公共空間のありかたについて |
司会:
話題が「公共空間とは何か」に集中したようです。 私も事前に資料を読ませていただいたとき、 資料の「定義・還元・脱臭・滅菌・整理・分類の拒否」と「合意形成の拒否」という言葉が気になりました。 定義の拒否や合意形成の拒否を文字通り受け取ると、 一種の自己矛盾に陥ってしまうのではないかと思ったのです。
おっしゃっておられることの意味は、 競合の空間としていろんな考えを持つ人が安易に妥協するのではなく、 それぞれの領分を守って共存していくことが公共空間のあり方だということではないでしょうか。 そうした行為の中には、 公園の限定された使い方も許容せざるを得ないことも含まれると思います。
いろんな正義が複数存在していて、 矛盾したりぶつかり合いながらひとつの空間を作っていくのが、 ハンナ・アレントの言う公共性ではないかと思います。 その時には、 ある程度のモザイク化は避けられないだろうということでしょうか。
平山:
アレントは「人間は多数だ」と言っています。 「人間は多数であり、 一人一人違う、 しかし共通の空間を持っている。 それがパブリック・スペースだ」というのが私の理解です。 ただアレントに対する批判として「そんな空間はありえない」という指摘があります。 理論としてはある得るのでしょうが、 事実性がないということなんでしょう。
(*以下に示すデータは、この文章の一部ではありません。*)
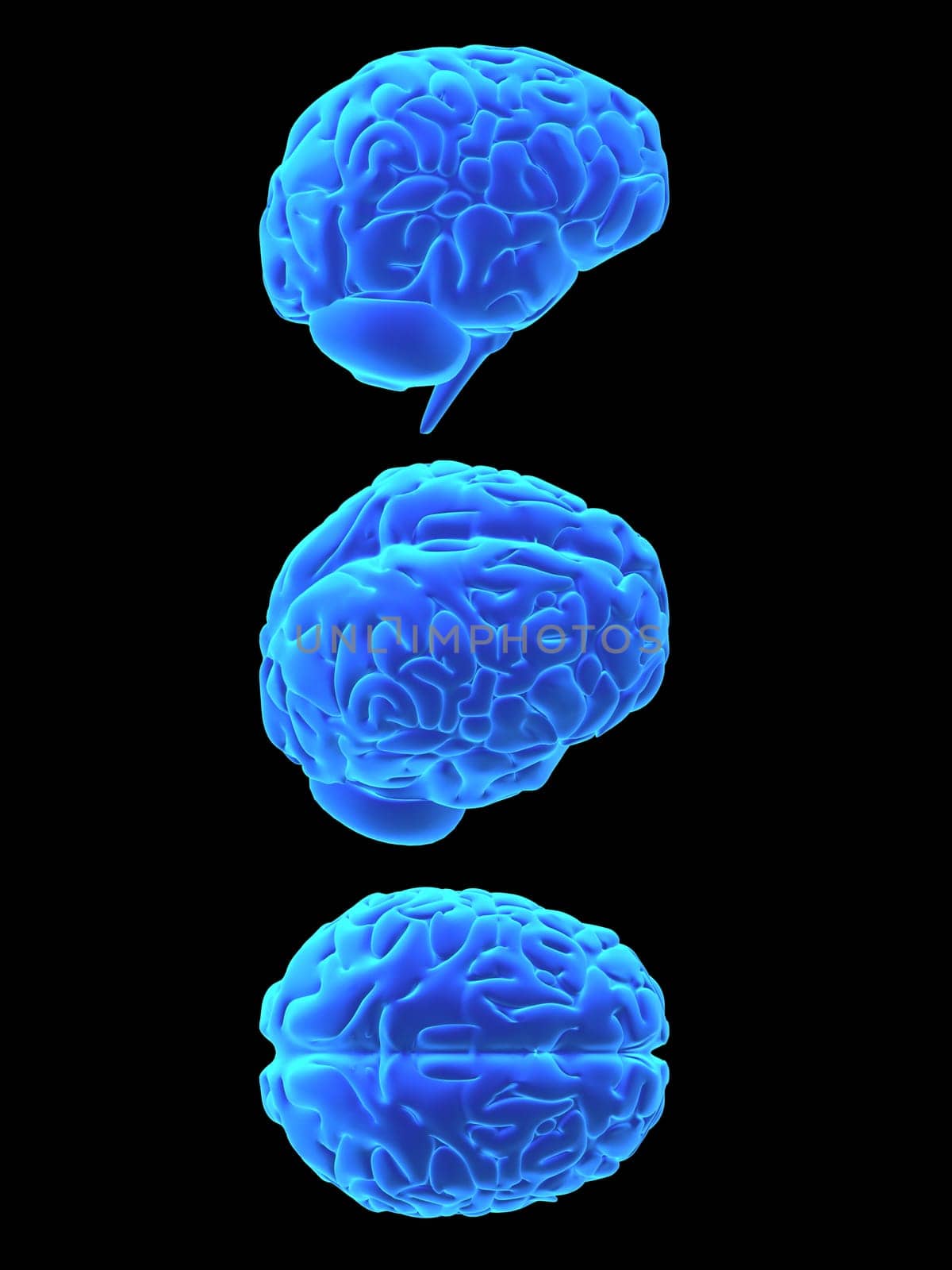 3d rendered anatomy illustration of different signs of a human brain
これは、 今おっしゃったように「ある程度のモザイク化は避けられない」という批判だろうと思います。 ただ、 私は事実としてはあり得ないかもしれないけれど、 アレントが書いたことは美しいと思います。
司会:
今日のお話をうかがいながら何となく思ったのですが、 アジアがアメリカ化しつつあるとすれば、 アメリカはアジア的なものに21世紀を託すことになるのかも知れない。 こんな感想で今日のセミナーを締めくくりたいと思います。
平山先生、 長時間にわたりありがとうございました。